Marlene had flopped back on the pillows, suddenly exhausted. The mention of returning to work had brought something urgently to mind. “Uh, Butch—I have some news, too,” she said nervously.
“Oh?”
“Well, you remember how I was always sick the last couple of months, and we thought it was stress and psychosomatic and all that?”
“Yeah?”
“Well, it wasn’t. It was morning sickness. I’m pregnant.”
She watched his face closely. First he started to smile, as if she was cracking a joke. Then, as he observed that she wasn’t joking, a look of pure delighted amazement came over his face, and he looked about ten years old. “But,” he protested, “how come you didn’t know? I mean, periods and all. And you have one of those thingees, don’t you?”
“Well, I’ve tried to shield you from my various female problems, my dear, but in common with many of us skinny hard-driving career girls, I’m about as regular as a rusty alarm clock. And yes I did have one, but it appears that one of your little spermatazoons laid a body check on my thingee and went in to score. It happens.”

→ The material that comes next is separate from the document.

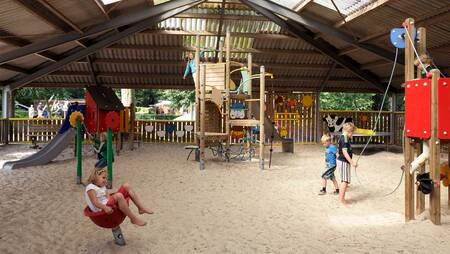 Children play in the indoor playground of holiday park Molecaten Park 't Hout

A grin spread slowly across Karp’s face until it became an image of complete joy. His gray eyes, which ordinarily had the sheen of sabers, almost twinkled.

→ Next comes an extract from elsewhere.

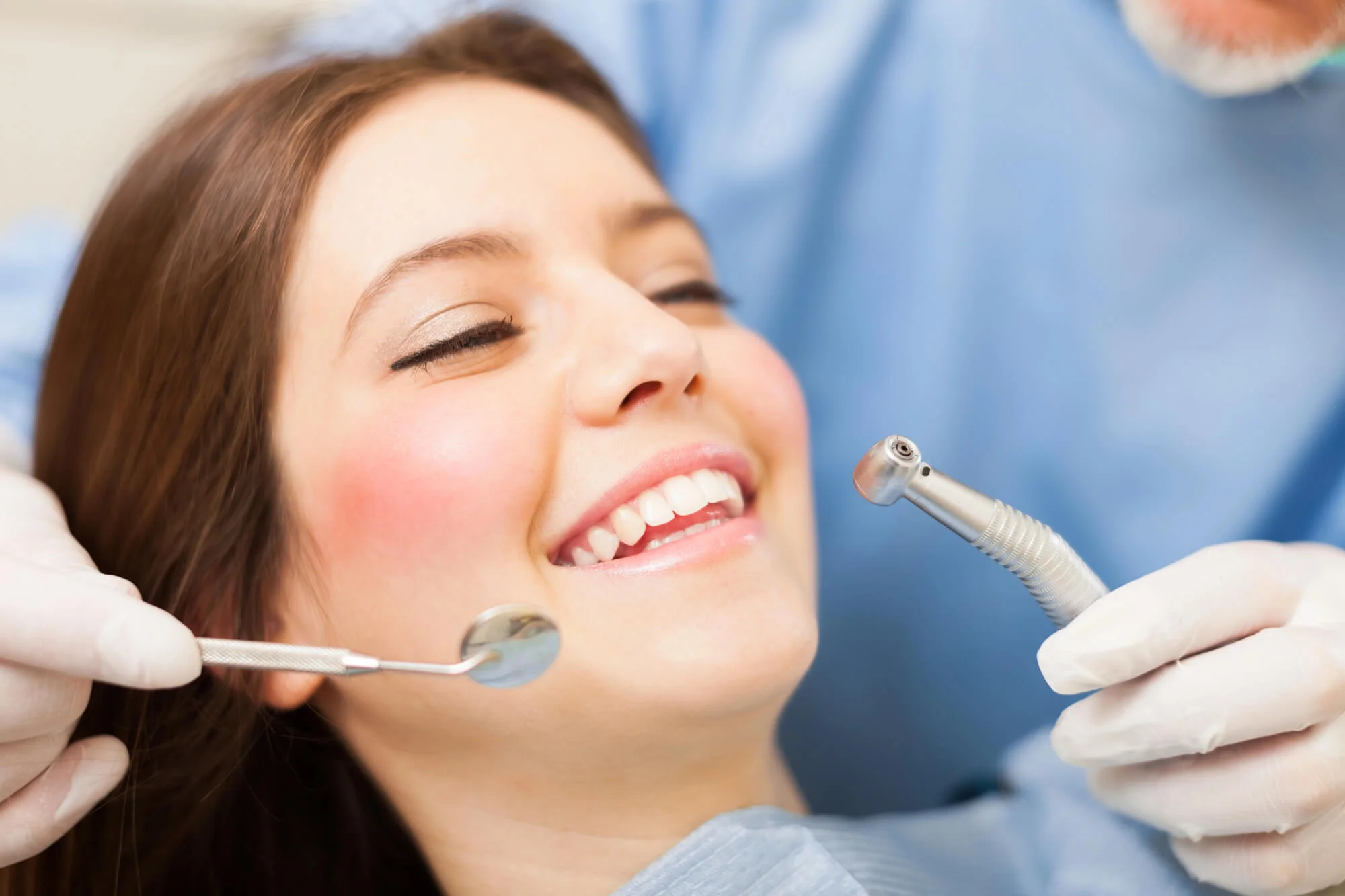 Smiling woman during dental checkup, dentist in Indian River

“You’re happy, huh?” she asked.
“You could say that. You must be knocked out.”
She nodded. “Funny isn’t it? Out of all this death and misery and murdered children.
Race de Cain, ton supplice, Aura-t-il jamais une fin?
as Baudelaire asks. And the answer? The envelope please. Better kids. Easy, huh?” She saw he was staring mindlessly at her, the idiot grin still fixed to his face. “What are you thinking about?”
“Oh, this, us, a family. It just occurred to me that that’s all I ever wanted in life. It’s just such a gift….”
“I hope that means you’ll change diapers.”
“Yeah, but I thought I’d mostly do the athletic training. Like, we could start this one at point guard. Then as the other four came along we could work them into the team. How does ‘Magic Karp’ sound? It has a certain ring to it. ‘Larry Bird Karp’?”
“It’s a boy, huh?”
“Of course, it’s a boy. I mean, face facts, Marlene. There’s no money in girls’ basketball.”
He rattled on, and she let him, enjoying his delight, but at a distance. She was relaxing now, tuning in to the secret messages her body was sending and enjoying it.
I’m going to
plunge
into this,
she thought.
I’m going to treat it as a gift, a surprise from cruel heaven. And I’m going to call her Lucy.